Exercise details
Drop all pictures and repeat exactly the lines from the line holding "Hope Road Short" through the end of the records.

Records provided
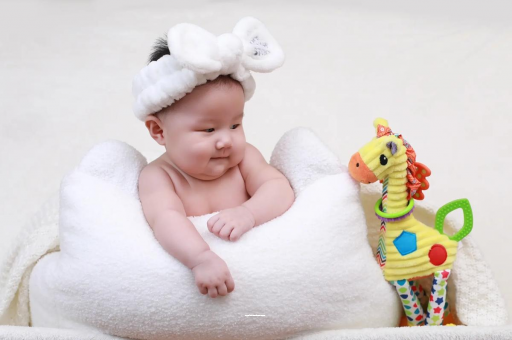 仙桃7个月宝宝消化不良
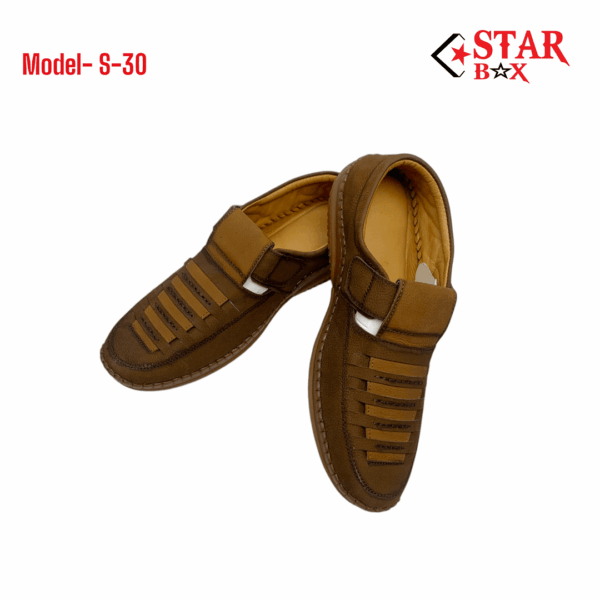 Sacchi Sandal (S-30) - Image 2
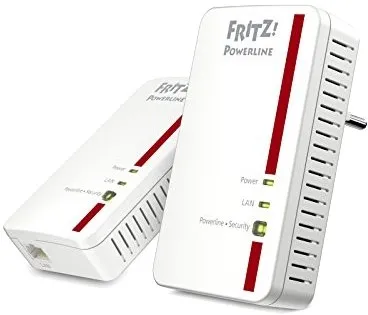 AVM Fritz! Powerline 1000E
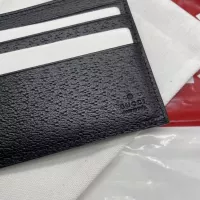 Cheap Gucci Wallets #1357315 Replica Wholesale [$60.00 USD] [ITEM#1357315] on Replica Gucci Wallets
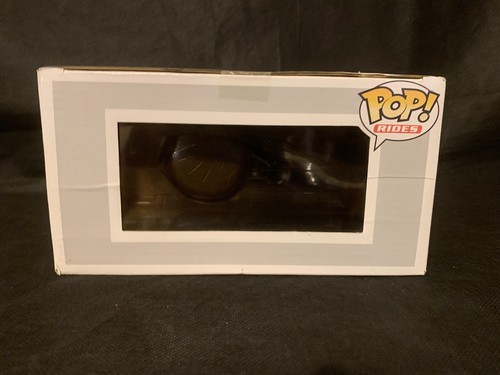 Funko Pop! Rides AMC The Walking Dead #08 Daryl Dixon’s Chopper Vinyl Figur - Bild 5 von 7
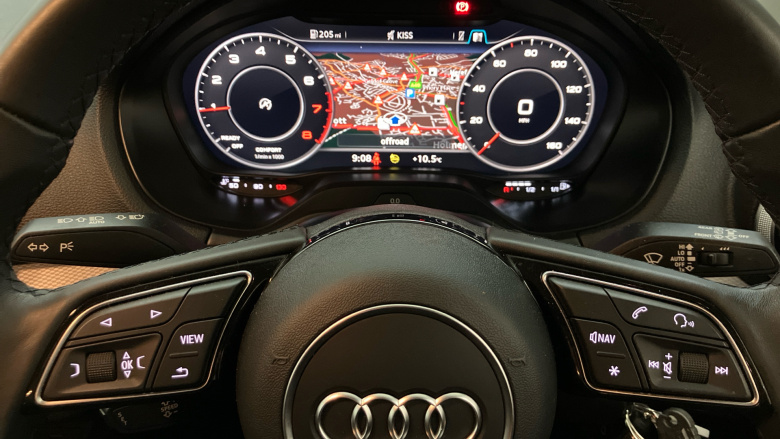 Audi Q2 30 TFSI Sport 5dr Petrol Estate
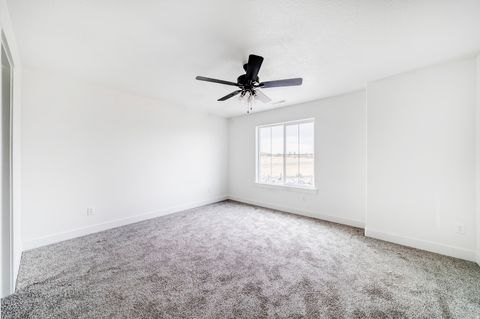 Tiny photo for 515 W CAROLES WAY WAY N #123, Tooele, UT 84074 (MLS # 2120409)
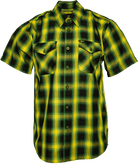 Hope Road Short Sleeve Bamboo - Dixxon Flannel Co.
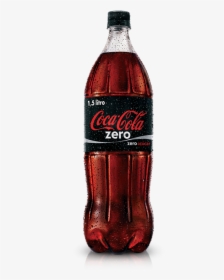 Thumb Image - Coca Cola Zero 600 Png, Transparent Png, Transparent PNG
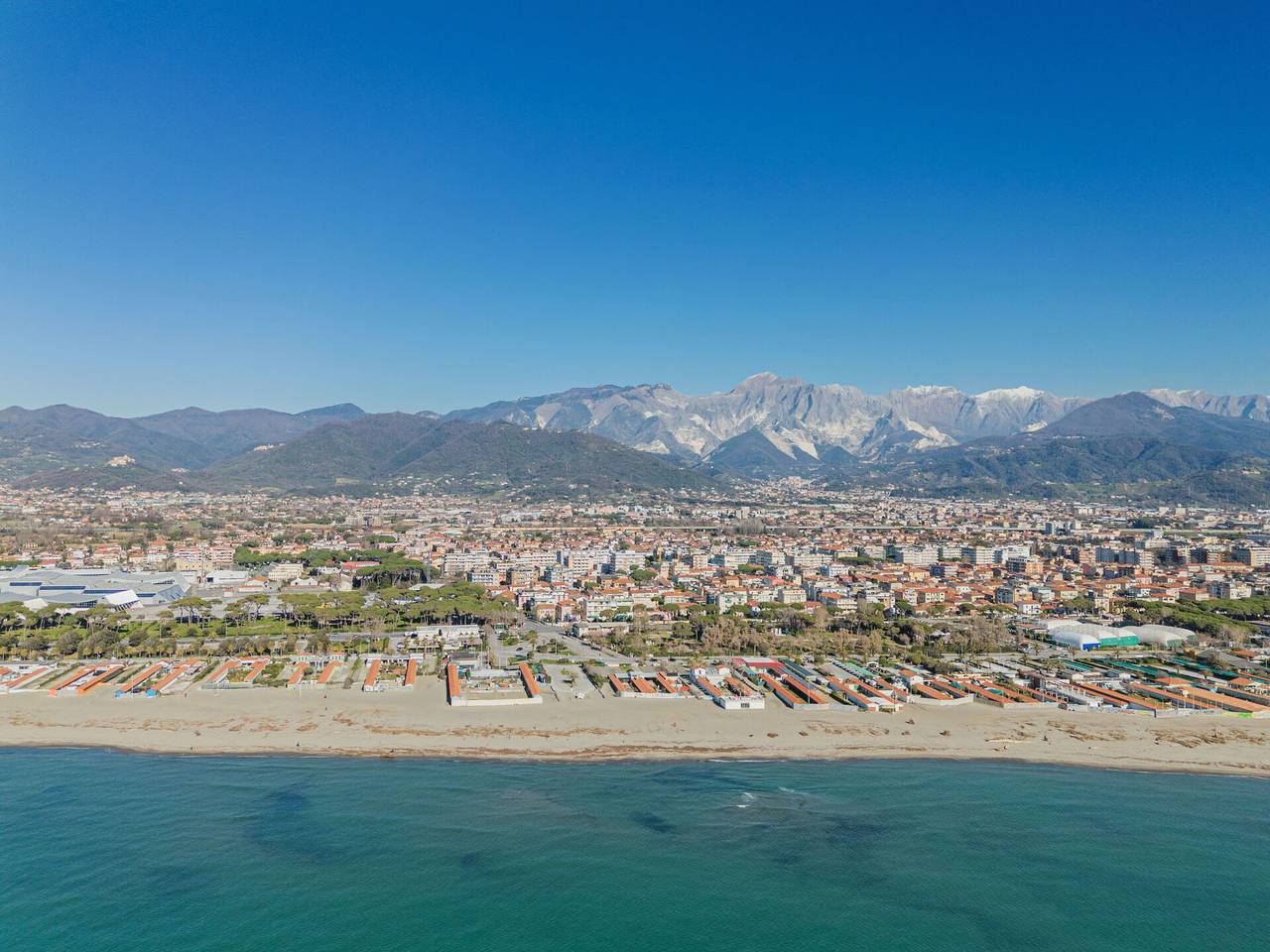 Ganze Wohnung, Appartamento Sofia - Appartamento Sofia 660.1 in Massa, Italienische Riviera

Reply to the task
 Hope Road Short Sleeve Bamboo - Dixxon Flannel Co.
 Thumb Image - Coca Cola Zero 600 Png, Transparent Png, Transparent PNG
 Ganze Wohnung, Appartamento Sofia - Appartamento Sofia 660.1 in Massa, Italienische Riviera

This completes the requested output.